The UK is already bearing the cost of Brexit uncertainty as companies delay, divert or halt investment ahead of its scheduled European Union divorce date of March 29. But if Britain crashes out of the bloc without a deal, a so-called “hard Brexit”, the resulting trade barriers could also spell trouble for Germany’s export-driven economy.
The German Economic Institute (IW), a liberal think-tank, estimates that Germany’s exporters would face extra tariffs of nearly $3.8bn if the UK left the EU without a trade deal.
“In the worst case this could reduce German-UK exports by over 50 percent,” IW Director Michael Huther told Al Jazeera. “As these exports are 2.6 percent of German GDP, the impact on the German economy could be severe.”
German companies, large and small, worry about the possibility of disruptions to supply chains, the movements of raw materials and parts involved in the manufacture of complex products.

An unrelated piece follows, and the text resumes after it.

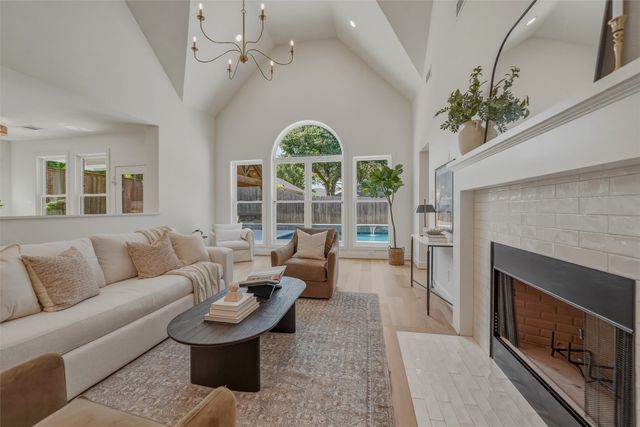 2908 Woodhaven Drive, Grapevine, TX 76051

Many companies send components back and forth across the UK’s borders several times before they are assembled into their final products.
Currently, this not a problem because there are no tariffs imposed on goods moving between EU countries. But if the UK leaves without a trade deal, cross-border tariffs may have to be levied, requiring customs inspections at borders, slowing manufacturing down and increasing the costs of production.
“Even in the case of a relatively smooth withdrawal from the European Union, we still expect to face permanently higher costs,” Nicholas Peter, chief financial officer of German auto giant BMW, said in a statement last month.
Dicey economic times
The possibility of a hard Brexit is happening at an especially dicey moment for the German economy, which shrank by 0.2 percent in the third quarter last year; the first contraction since 2015.
The outlook for the fourth quarter and beyond also appears weak.
Unusually low water levels last summer in the Rhine river, a major artery for shipping raw materials and industrial components, hindered production for some German manufacturers.
Meanwhile, Germany’s third-biggest export market, China, reported its slowest annual economic growth in almost three decades. The deceleration has already curbed Chinese appetite for German cars and industrial goods.
How much pain a hard Brexit could throw into the mix for German exporters varies widely depending on a firm’s geography and size.
The country’s hugely important small- and medium-sized industries, the so-called “Mittelstand”, could be particularly vulnerable.
Mittelstand make up more than 99 percent of German companies, employ over 61 percent of the country’s workforce and account for nearly 34 percent of the total turnover of German enterprises, according to the latest available official data.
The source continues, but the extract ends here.